The mechanism is apigenin's action on the benzodiazepine receptors, but the effect is characteristically gentle. Chamomile does not sedate. It does not impair cognitive function. What it appears to do — consistently, across multiple studies — is reduce the physiological arousal that accompanies anxiety: the elevated heart rate, the muscle tension, the digestive symptoms, the sleep disruption. It works on the body's stress response rather than on consciousness itself, which is why it is so well suited to the kind of background, persistent anxiety that is the texture of many people's ordinary days.
The Sleep Question
The sleep association is earned. Apigenin's binding activity at the benzodiazepine receptors does produce a mild sedative effect, and there is reasonable clinical evidence for chamomile shortening sleep onset time and improving subjective sleep quality — particularly in older adults and in people whose sleep difficulty is related to anxiety rather than pain or circadian disruption.
The important qualification is dosage and timing. One cup of properly brewed tea (two generous teaspoons, covered, steeped for twelve to fifteen minutes) drunk about an hour before sleep gives the apigenin time to be absorbed and to begin acting. The effect is gentle and cumulative — chamomile tends to work better after several days of consistent use than on the first night. It will not knock you out. What it reliably does, for most people, is make the transition to sleep a quieter, easier process.
A Note on Quality and Growing Your Own
The quality difference between home-grown, properly dried chamomile and a commercial teabag is significant enough to change what the herb can do for you. Most commercial chamomile tea contains flowers that were harvested some time ago, dried at temperatures that degrade the volatile oils, and stored in paper bags that allow further degradation before they reach you. By the time the tea is brewed, the medicinally active content may be a fraction of what the plant contains at harvest.

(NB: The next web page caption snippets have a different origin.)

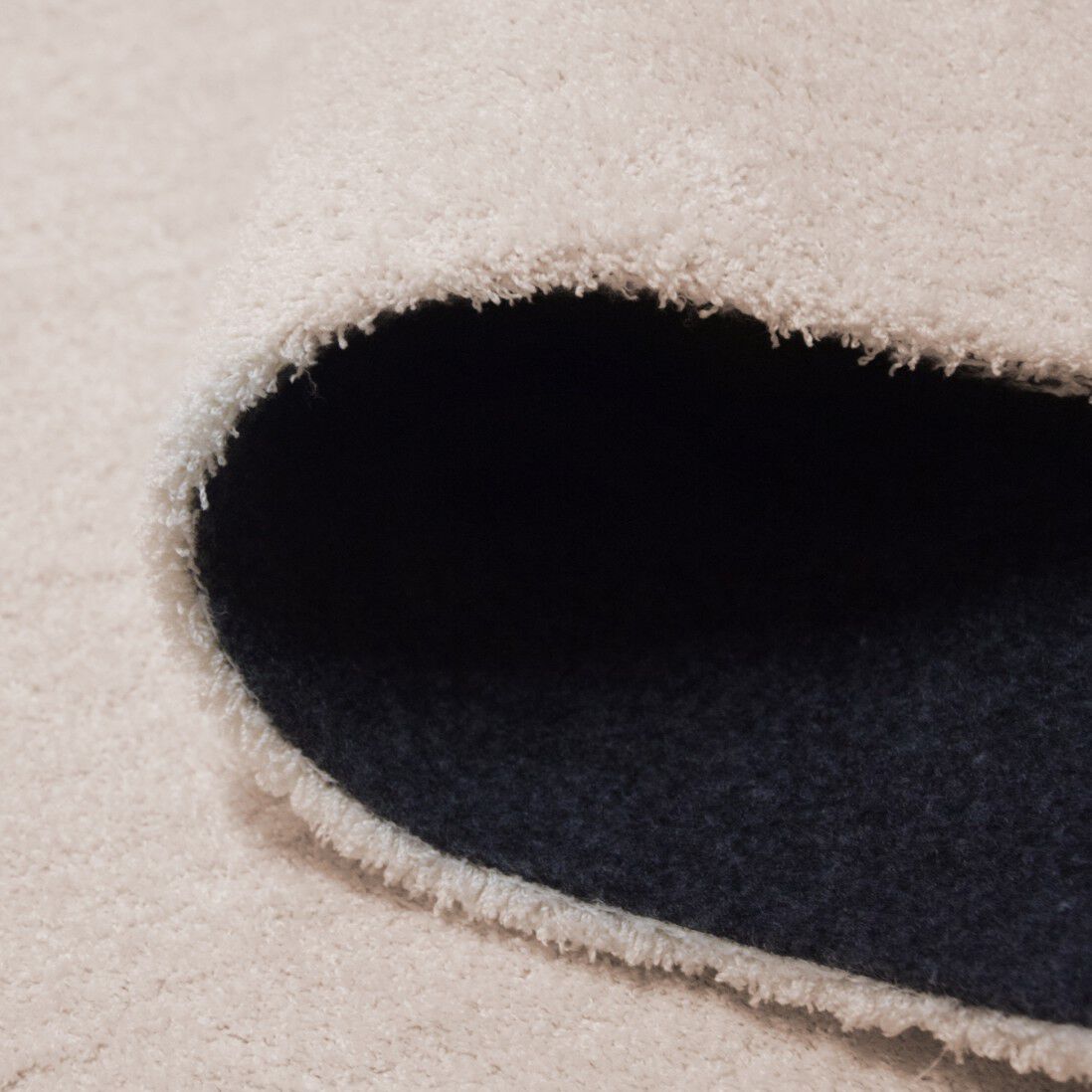 Сплошной цвет круглый ковер Ademi Essential ARCH-00085744 - Вид №4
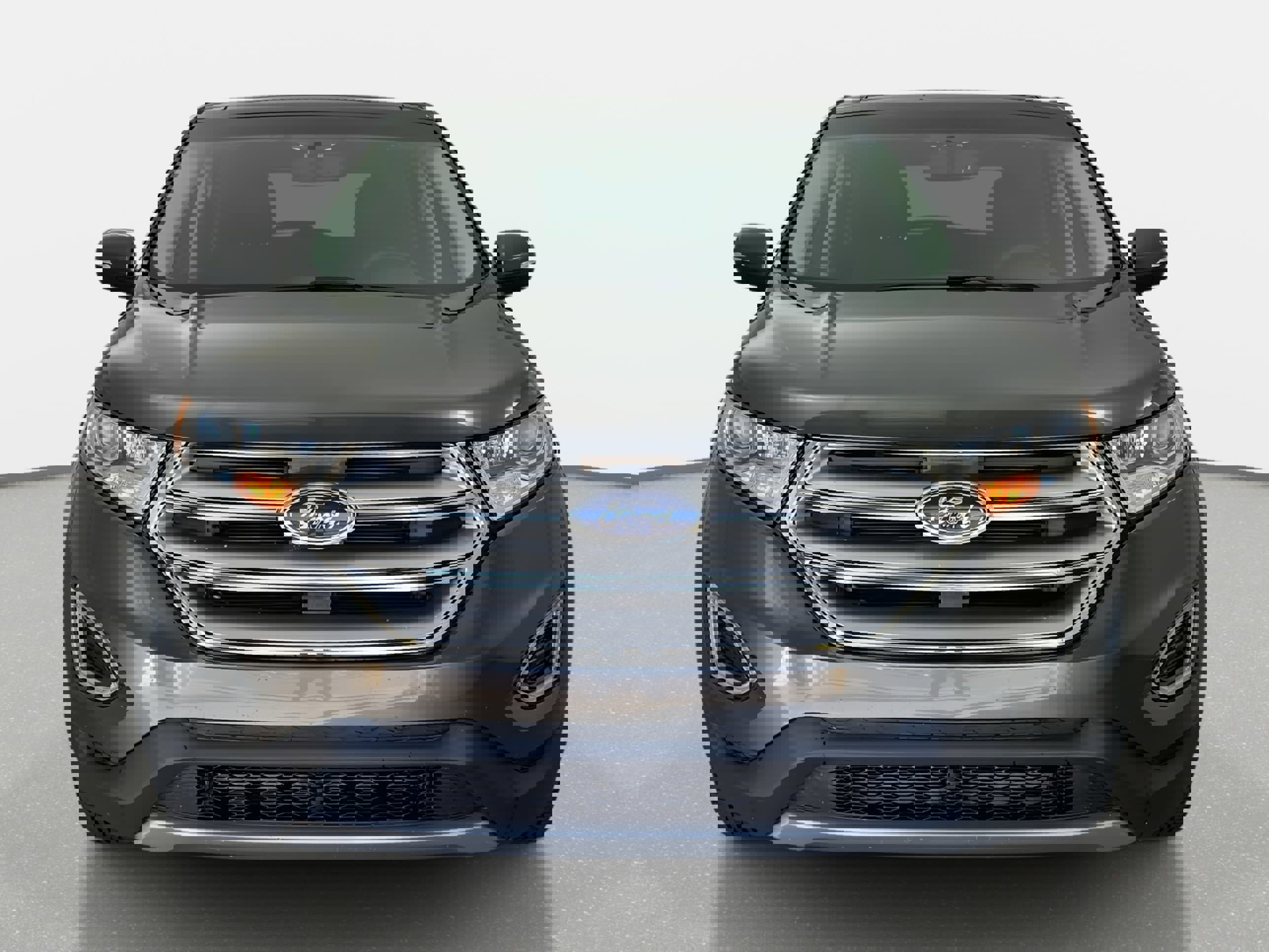 Used 2018 Ford Edge Titanium w/ Equipment Group 301A image 8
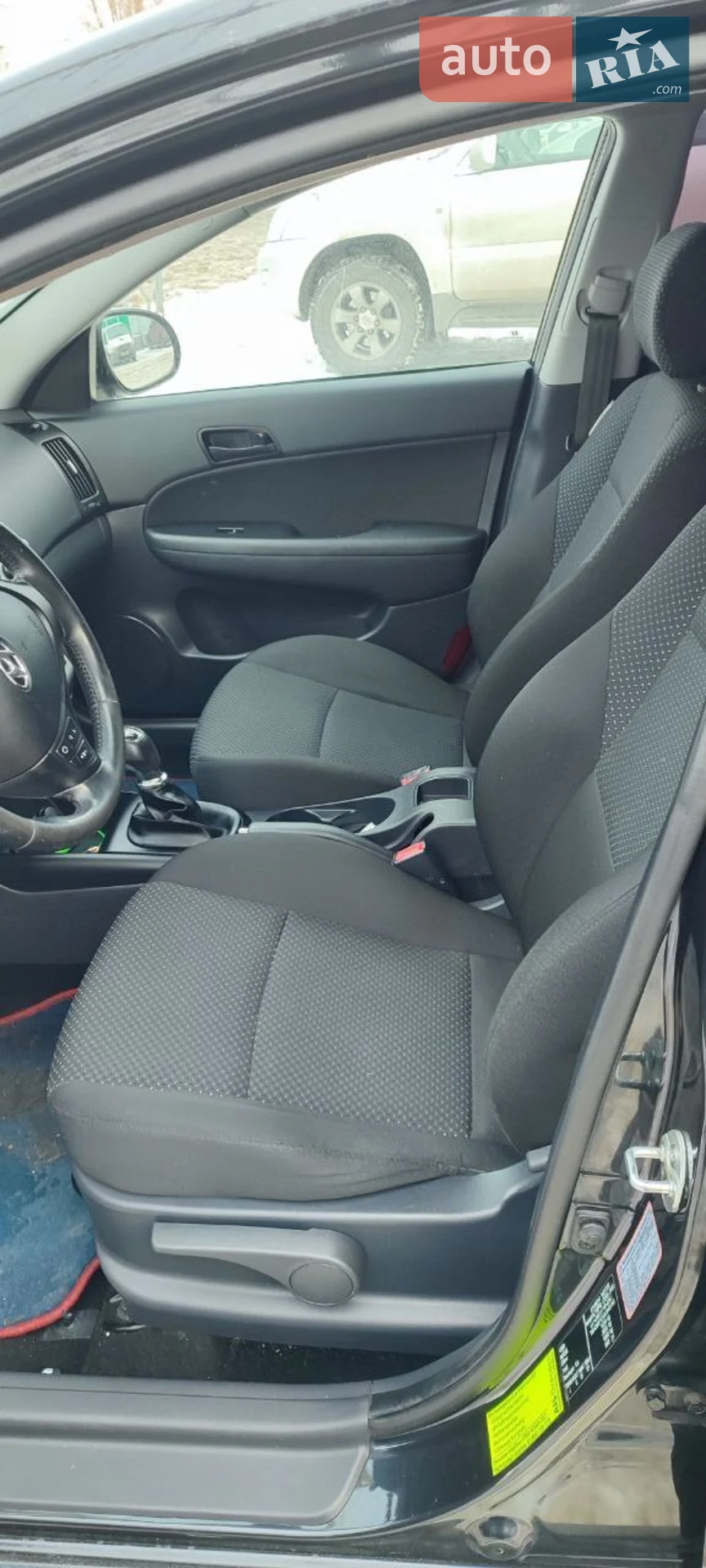 2010 Hyundai i30 - мініатюра 13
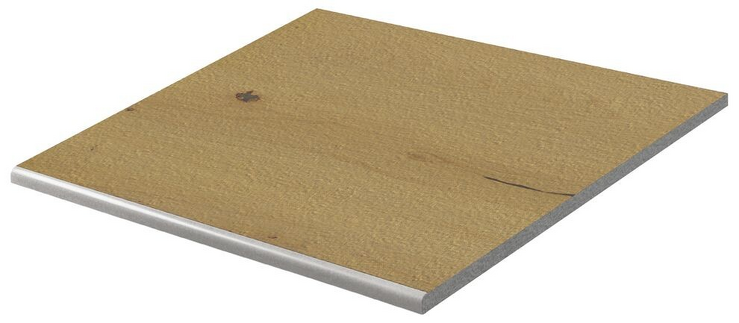 Bricola Outdoor, schodovka, 60x60 cm, béžová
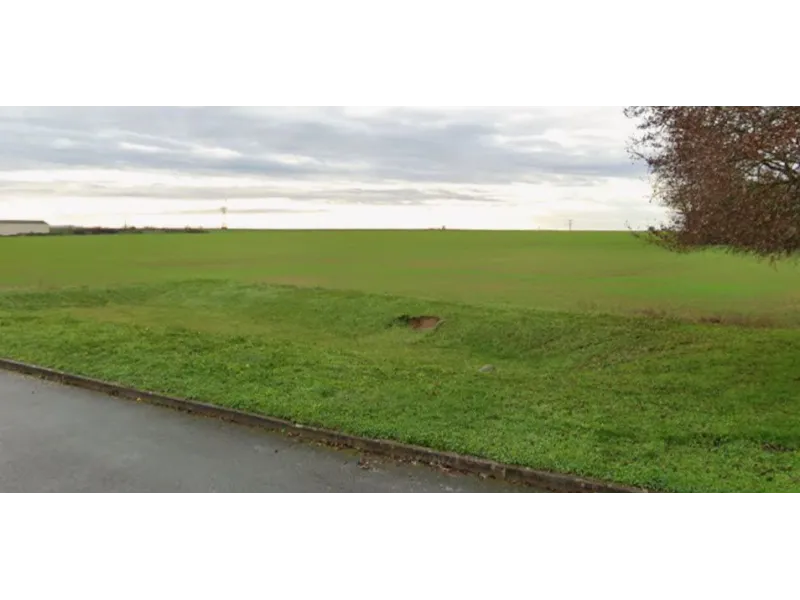 Terrain à bâtir à Périgny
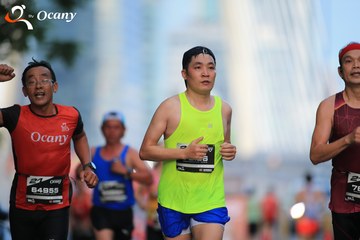 RUN TO LIVE 2025 - Ảnh #3287709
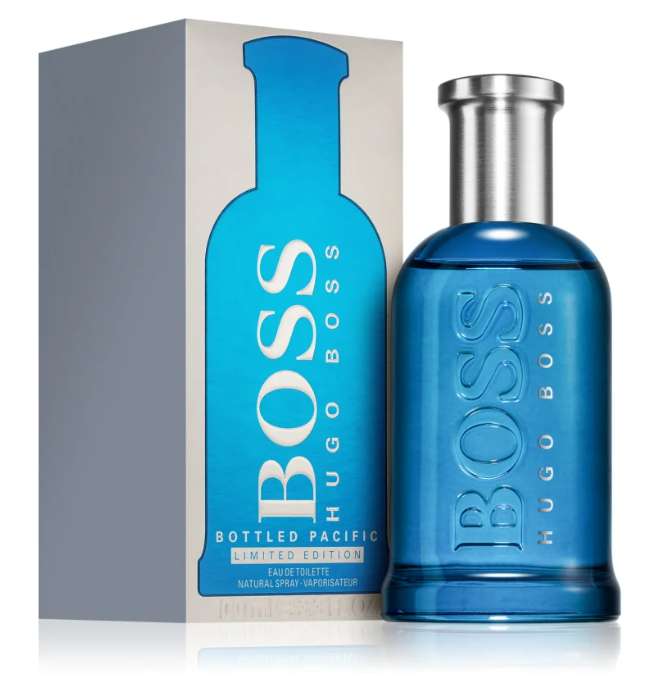 [NOTINO] Hugo Boss Bottled Eau de Toilette Pacific Summer Edition 2023 100ml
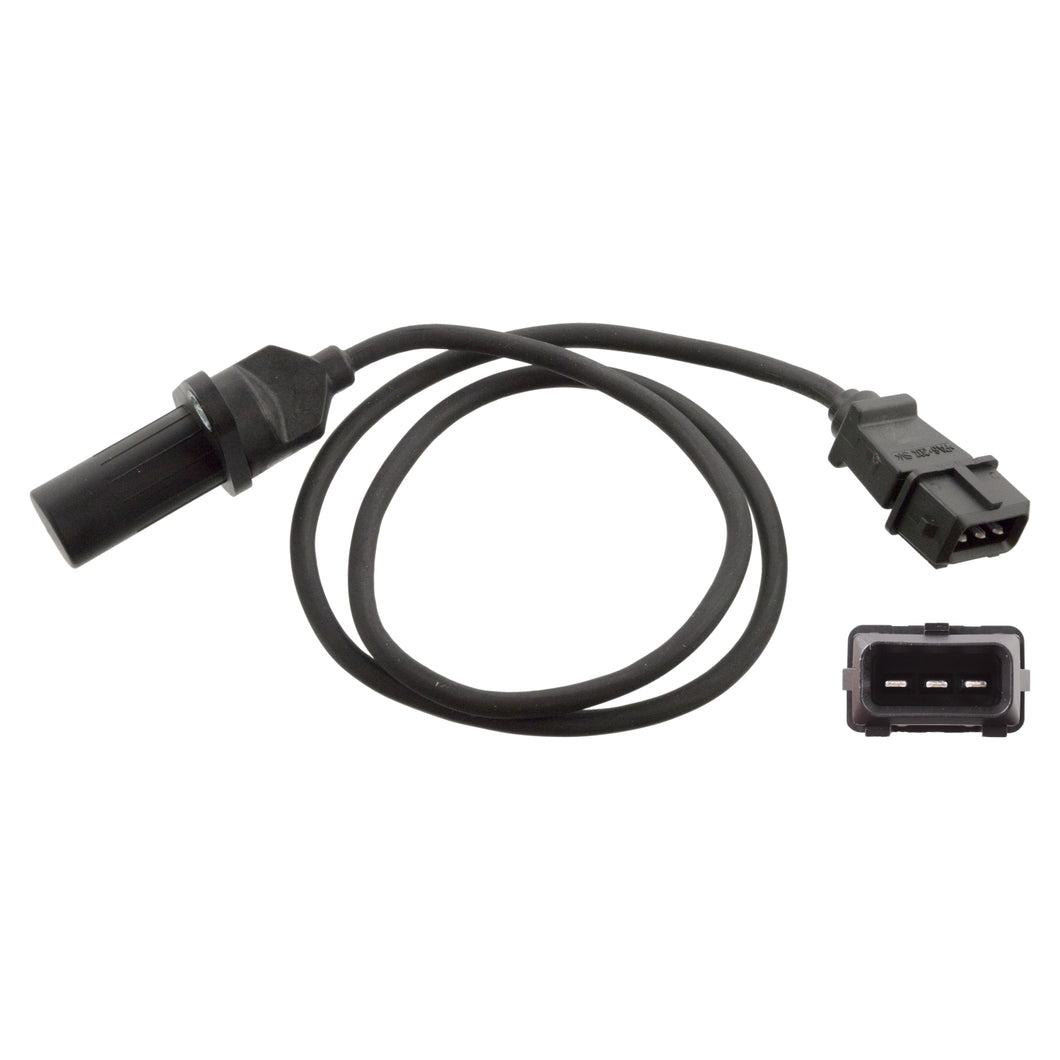 Crankshaft Sensor Fits Lancia Dedra Delta Lybra FIAT Brava Bravo Dob Febi 101475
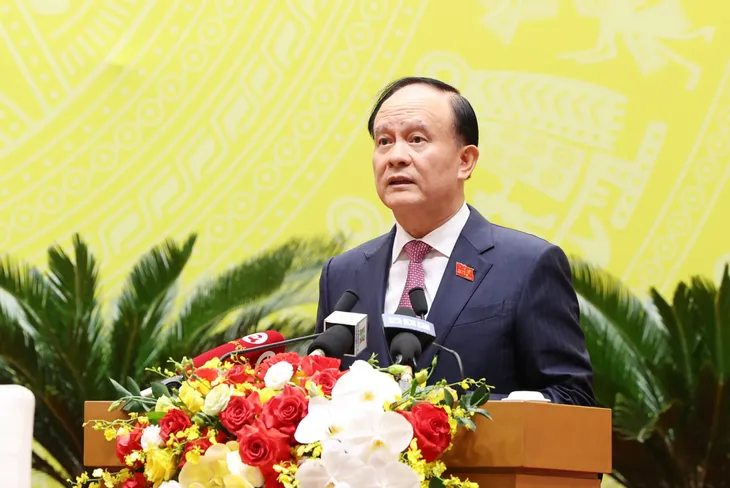 HĐND TP Hà Nội sẽ chất vấn về thực hiện kỷ luật, kỷ cương trách nhiệm - Ảnh 1. HĐND TP Hà Nội sẽ chất vấn về thực hiện kỷ luật, kỷ cương trách nhiệm - Ảnh 1.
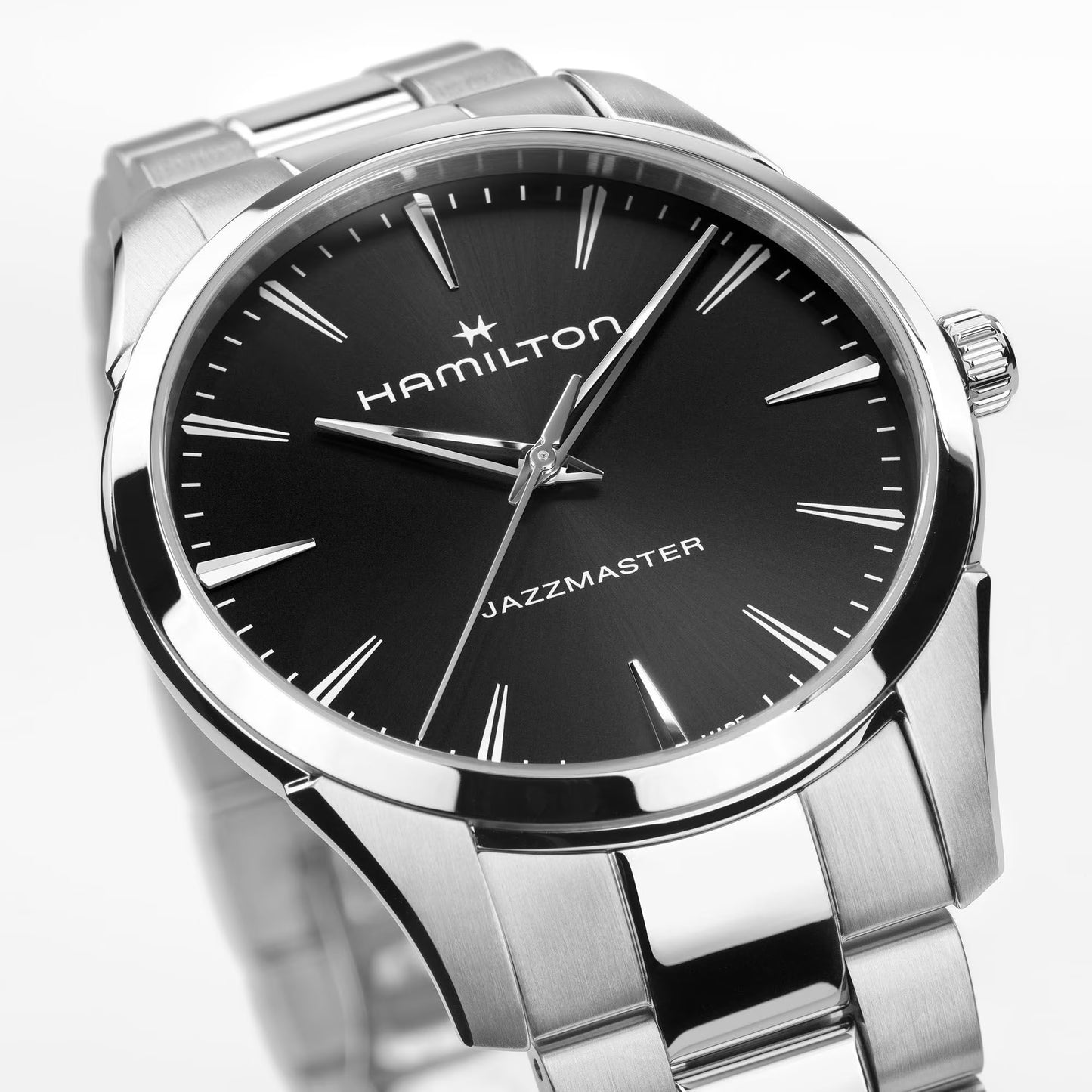 JAZZMASTER QUARTZ 40 MM - H32461131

Growing your own is simpler than it sounds. German chamomile is a self-seeding annual that requires only a sunny spot, lean soil, and the discipline to harvest flowers at their peak — that brief window when the petals are fully open but have not yet begun to turn back. Dried quickly at low temperature and stored in a dark glass jar, home-grown chamomile flowers will produce a tea that smells and tastes like an entirely different plant from anything available commercially.
It is one of the more rewarding small investments in the home apothecary. And it does considerably more than help you sleep.